[[ Raw data open ]]
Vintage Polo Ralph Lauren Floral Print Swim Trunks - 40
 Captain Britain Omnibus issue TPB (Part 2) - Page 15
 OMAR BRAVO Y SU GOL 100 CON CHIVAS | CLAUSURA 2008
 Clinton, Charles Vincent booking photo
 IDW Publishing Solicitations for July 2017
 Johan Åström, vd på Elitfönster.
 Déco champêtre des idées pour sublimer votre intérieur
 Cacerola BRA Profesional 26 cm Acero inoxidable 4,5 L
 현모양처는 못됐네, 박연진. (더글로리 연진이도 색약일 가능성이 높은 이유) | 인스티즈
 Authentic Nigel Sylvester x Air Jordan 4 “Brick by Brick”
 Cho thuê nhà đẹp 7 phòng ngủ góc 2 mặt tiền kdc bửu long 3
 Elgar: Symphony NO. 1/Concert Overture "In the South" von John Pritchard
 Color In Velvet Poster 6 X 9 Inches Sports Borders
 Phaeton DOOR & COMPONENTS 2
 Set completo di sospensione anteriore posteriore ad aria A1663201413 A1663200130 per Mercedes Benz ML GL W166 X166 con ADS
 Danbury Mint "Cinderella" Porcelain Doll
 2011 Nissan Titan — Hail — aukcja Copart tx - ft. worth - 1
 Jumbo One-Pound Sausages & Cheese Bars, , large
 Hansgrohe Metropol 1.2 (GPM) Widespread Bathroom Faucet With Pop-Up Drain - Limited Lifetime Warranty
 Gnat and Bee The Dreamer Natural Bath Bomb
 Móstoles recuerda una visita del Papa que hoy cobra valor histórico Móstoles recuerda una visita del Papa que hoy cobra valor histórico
[[ Raw data closed ]]
→ What is required
Starting at the line that contains "Jumbo One-Pound Sausages", quote each remaining line of the entries above, unchanged.

→ Answer for the task
 Jumbo One-Pound Sausages & Cheese Bars, , large
 Hansgrohe Metropol 1.2 (GPM) Widespread Bathroom Faucet With Pop-Up Drain - Limited Lifetime Warranty
 Gnat and Bee The Dreamer Natural Bath Bomb
 Móstoles recuerda una visita del Papa que hoy cobra valor histórico Móstoles recuerda una visita del Papa que hoy cobra valor histórico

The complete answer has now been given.